# Exercise description:
Pictures excluded, reproduce exactly the lines below from the one with "2225 Violet Elle Ln, Lake Charles, LA 70607" through the one with "Comfort Hotel Poissy", both included.

### Data to use

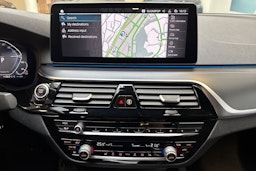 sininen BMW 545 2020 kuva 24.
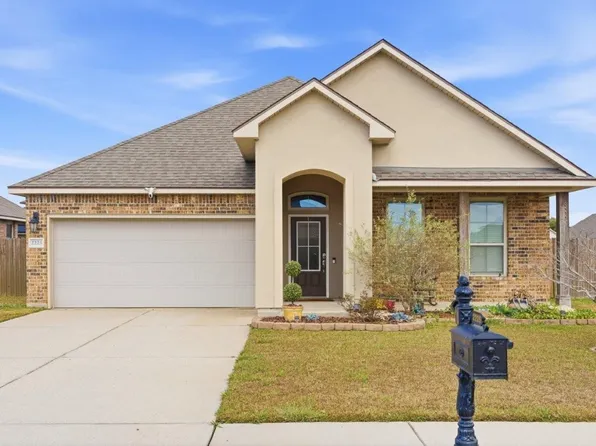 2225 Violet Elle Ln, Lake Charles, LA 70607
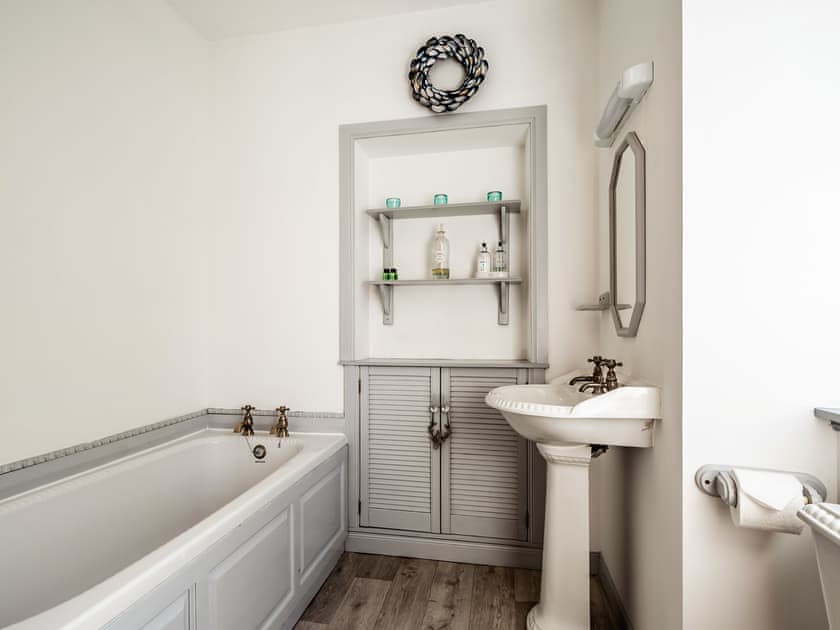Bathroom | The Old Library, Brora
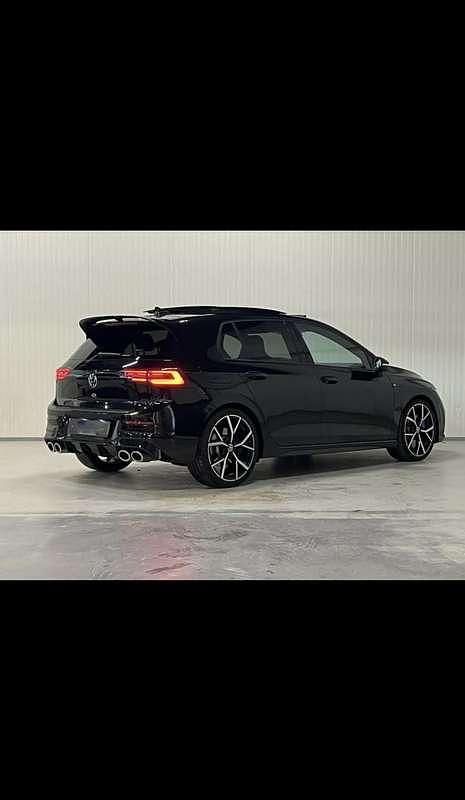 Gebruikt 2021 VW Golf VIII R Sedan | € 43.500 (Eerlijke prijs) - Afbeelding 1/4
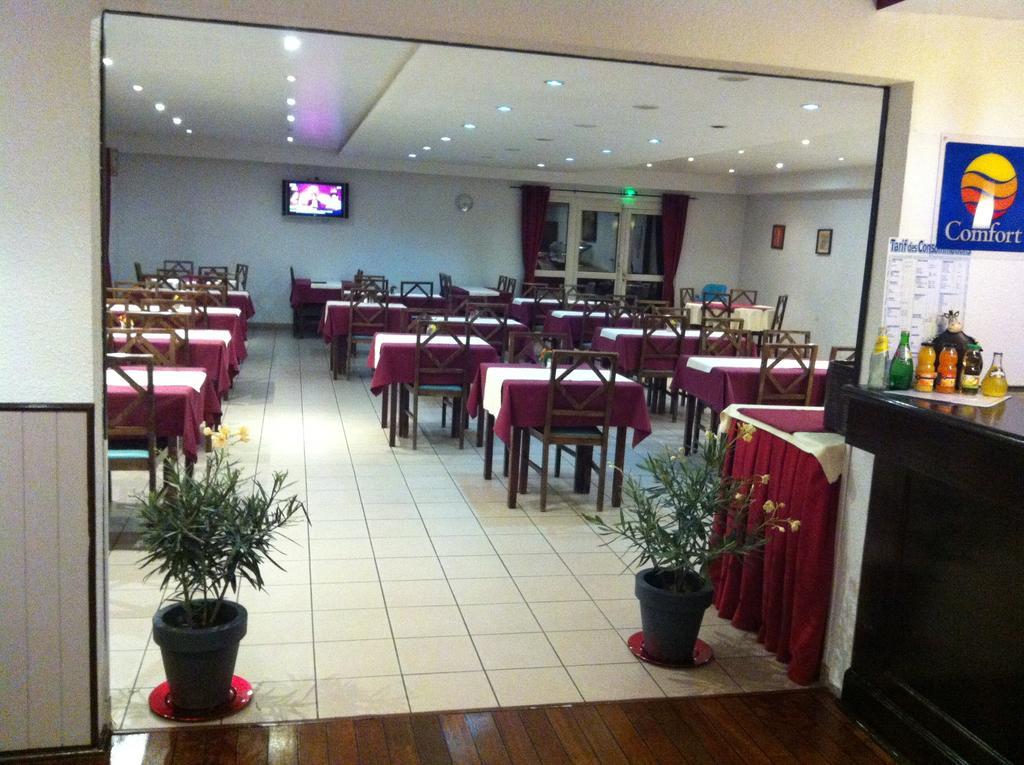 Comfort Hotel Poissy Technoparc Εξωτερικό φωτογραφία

######
### Data to use

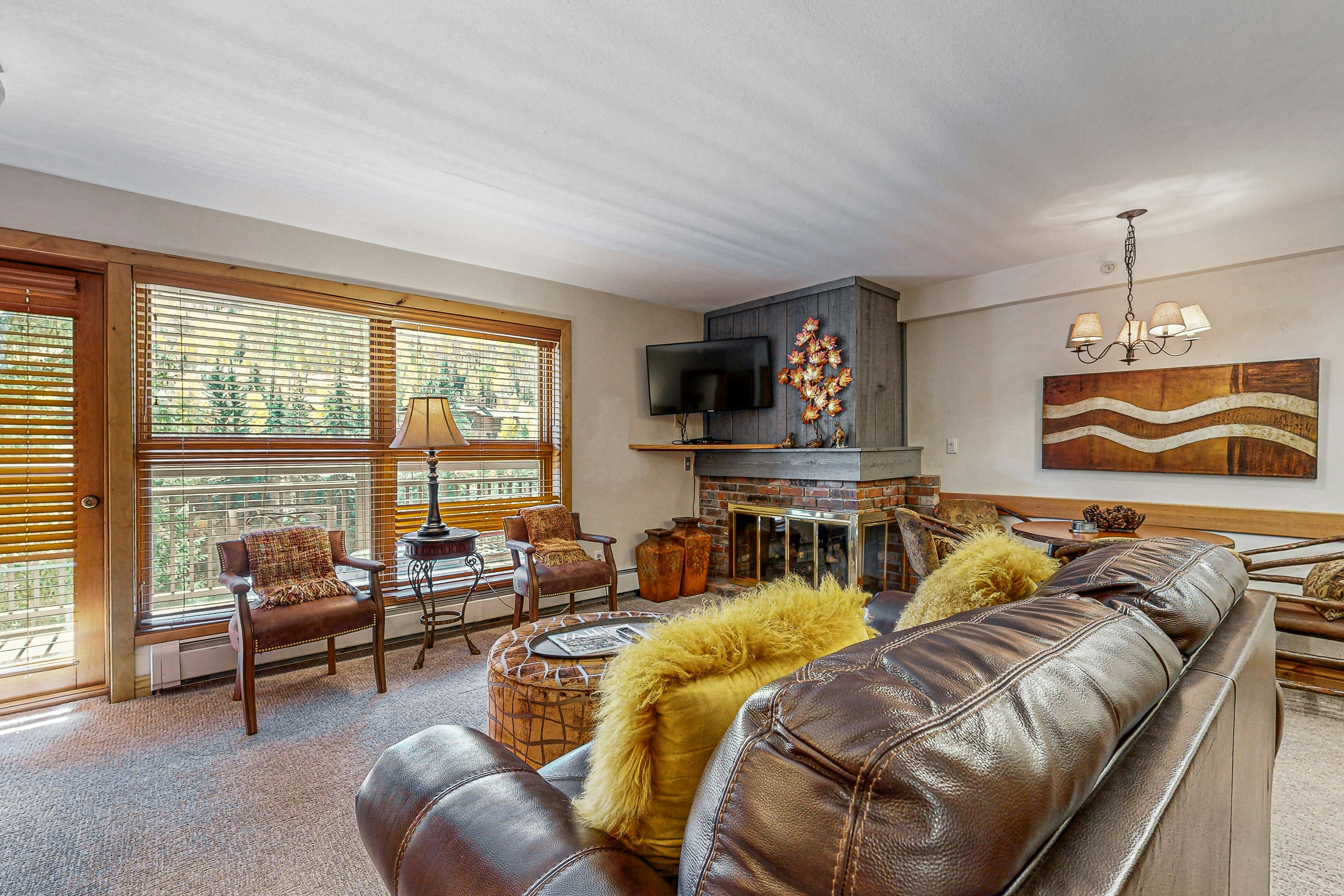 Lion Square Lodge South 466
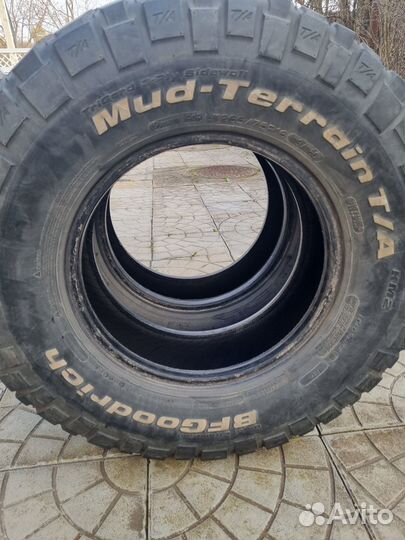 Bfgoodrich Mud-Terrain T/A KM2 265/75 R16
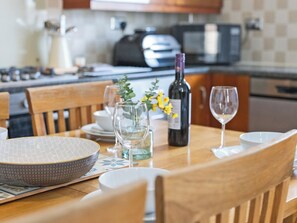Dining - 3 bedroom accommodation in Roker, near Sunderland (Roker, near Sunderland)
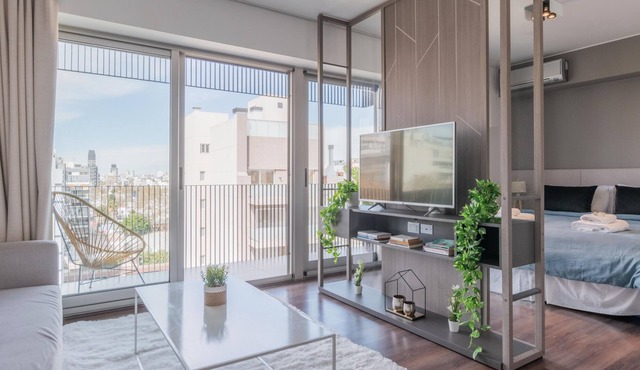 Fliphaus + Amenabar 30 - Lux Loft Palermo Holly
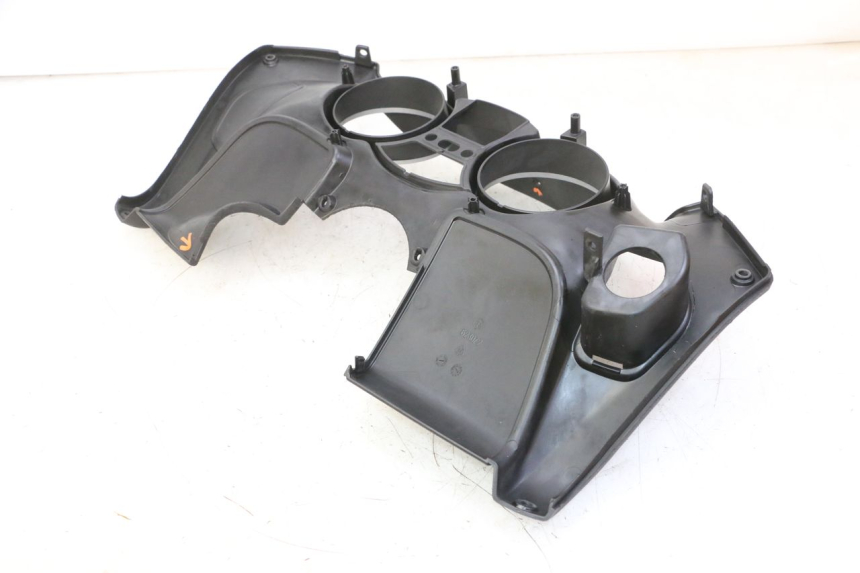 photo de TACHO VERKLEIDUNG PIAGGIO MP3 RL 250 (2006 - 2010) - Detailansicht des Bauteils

######

# Exercise response:
 2225 Violet Elle Ln, Lake Charles, LA 70607
Bathroom | The Old Library, Brora
 Gebruikt 2021 VW Golf VIII R Sedan | € 43.500 (Eerlijke prijs) - Afbeelding 1/4
 Comfort Hotel Poissy Technoparc Εξωτερικό φωτογραφία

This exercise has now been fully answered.